Being an RA can be a great gig as long as you know what you're getting into. A private (at least most of the time) room, fun activities and job where you get paid to hang out with people can be counterbalanced by late nights, tough situations and a major time commitment. While the pros usually outweigh the cons, it's good to know what you're getting into in advance.
Being an RA: The Pros
- You get your own room. Let's face it: this is a major draw. When you aren't on duty, you finally get some private space of your own without having to worry about a roommate.
- The pay is usually pretty good. You may already want to live in the halls, so being paid with a waiver of full or partial room and board fees and/or a stipend can be a great deal financially.
- You'll get great leadership experience. While your role as an RA may require you to get your residents involved, it will also require you to step past your own comfort zone from time to time and develop some solid leadership skills.
- You can give back to your community. Being an RA is a feel-good job. You do good work, help people out, help build a sense of community, and make a difference in people's lives. What's not to like about that?
- It looks good on a resume. Let's be honest about this one, too. If you're looking for ways to demonstrate your leadership skills, being an RA looks great on a resume. And you can always use some of your experiences to demonstrate your "practical experience" in a job interview.
- The hours can be great. You don't have to worry about commuting to a job off campus or finding time to fit a job in during usual business hours. You're most likely already in your hall at night -- and now you can get paid for it.
- You'll be part of an awesome team. Working with other RAs and the rest of your hall staff can be a major benefit. Most folks involved in residence life are really interesting, engaging, smart people, and being part of a team like that can be a highly rewarding experience.
- You get to return to campus early. In order to get yourself moved in and your hall up and running (not to mention going through training), most RAs are able to return to campus earlier than everyone else.
Being an RA: The Cons
- It's a major time commitment. Being an RA takes a lot of time. You may need to get your paper done the night you're on call, but if a sick resident appears you have to handle it. Being good at time management is a key skill to learn -- early -- since your time isn't always your own as an RA.

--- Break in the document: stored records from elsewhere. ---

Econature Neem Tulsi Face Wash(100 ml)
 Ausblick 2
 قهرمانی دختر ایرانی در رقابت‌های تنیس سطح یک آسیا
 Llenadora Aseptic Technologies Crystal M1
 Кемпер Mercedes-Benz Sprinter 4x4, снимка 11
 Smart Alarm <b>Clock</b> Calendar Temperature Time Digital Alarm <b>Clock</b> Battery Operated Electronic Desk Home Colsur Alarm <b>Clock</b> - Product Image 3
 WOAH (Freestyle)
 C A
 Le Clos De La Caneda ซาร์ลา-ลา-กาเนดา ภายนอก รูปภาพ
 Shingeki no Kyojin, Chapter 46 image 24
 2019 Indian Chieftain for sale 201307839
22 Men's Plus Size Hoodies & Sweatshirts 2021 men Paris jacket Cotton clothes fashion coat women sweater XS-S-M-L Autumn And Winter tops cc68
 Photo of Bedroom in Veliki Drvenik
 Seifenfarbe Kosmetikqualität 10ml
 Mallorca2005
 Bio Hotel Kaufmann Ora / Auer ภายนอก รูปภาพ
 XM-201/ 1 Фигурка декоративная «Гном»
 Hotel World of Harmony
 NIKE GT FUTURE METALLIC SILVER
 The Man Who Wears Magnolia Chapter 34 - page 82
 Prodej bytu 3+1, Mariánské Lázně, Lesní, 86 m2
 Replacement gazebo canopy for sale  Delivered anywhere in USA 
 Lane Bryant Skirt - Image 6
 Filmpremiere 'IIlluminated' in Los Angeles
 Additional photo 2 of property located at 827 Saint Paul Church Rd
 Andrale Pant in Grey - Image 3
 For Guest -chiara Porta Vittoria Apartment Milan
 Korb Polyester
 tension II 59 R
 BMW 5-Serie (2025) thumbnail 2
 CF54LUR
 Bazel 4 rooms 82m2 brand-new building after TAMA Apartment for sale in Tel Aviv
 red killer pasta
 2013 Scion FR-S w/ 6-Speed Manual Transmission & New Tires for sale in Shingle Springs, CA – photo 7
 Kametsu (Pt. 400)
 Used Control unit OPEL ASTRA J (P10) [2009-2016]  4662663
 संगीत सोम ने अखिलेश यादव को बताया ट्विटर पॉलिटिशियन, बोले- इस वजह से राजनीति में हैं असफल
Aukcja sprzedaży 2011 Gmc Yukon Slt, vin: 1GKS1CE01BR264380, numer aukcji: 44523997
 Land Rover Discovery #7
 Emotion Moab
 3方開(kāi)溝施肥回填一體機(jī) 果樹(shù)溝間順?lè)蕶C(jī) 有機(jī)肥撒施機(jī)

- You don't have much privacy. When you're on duty, your room door is often required to be open. Your stuff, your room, your wall decorations: all of it becomes fodder for people who just want to come in and hang out. Additionally, even when you're not on duty, other students may view you as a friendly, accessible person. It can be hard to maintain your sense of privacy amidst that environment.
- You are held to higher standards. Anyone -- from an RA to a corporate CEO -- who is in a leadership position is held to a higher standard, even when they're not officially on the job. Keep that in mind when thinking about how being an RA will affect your life when you're technically no longer on the clock.
- You may have to deal with issues you already worked through your first year in school. If you have any first-year students in your hall, you may have to deal with issues like homesickness, self-confidence, time management, and freshman fears. It may be frustrating to listen to someone who has been at school for 2 weeks cry about their experience when you were able to move past everything years ago.
- You have to return to campus early. Returning early to campus for training, set-up, and freshman move-in can throw a major wrench in your summer plans. Coming back to campus a week (or two or three) early can have a major impact on your summer travel, research, or job plans.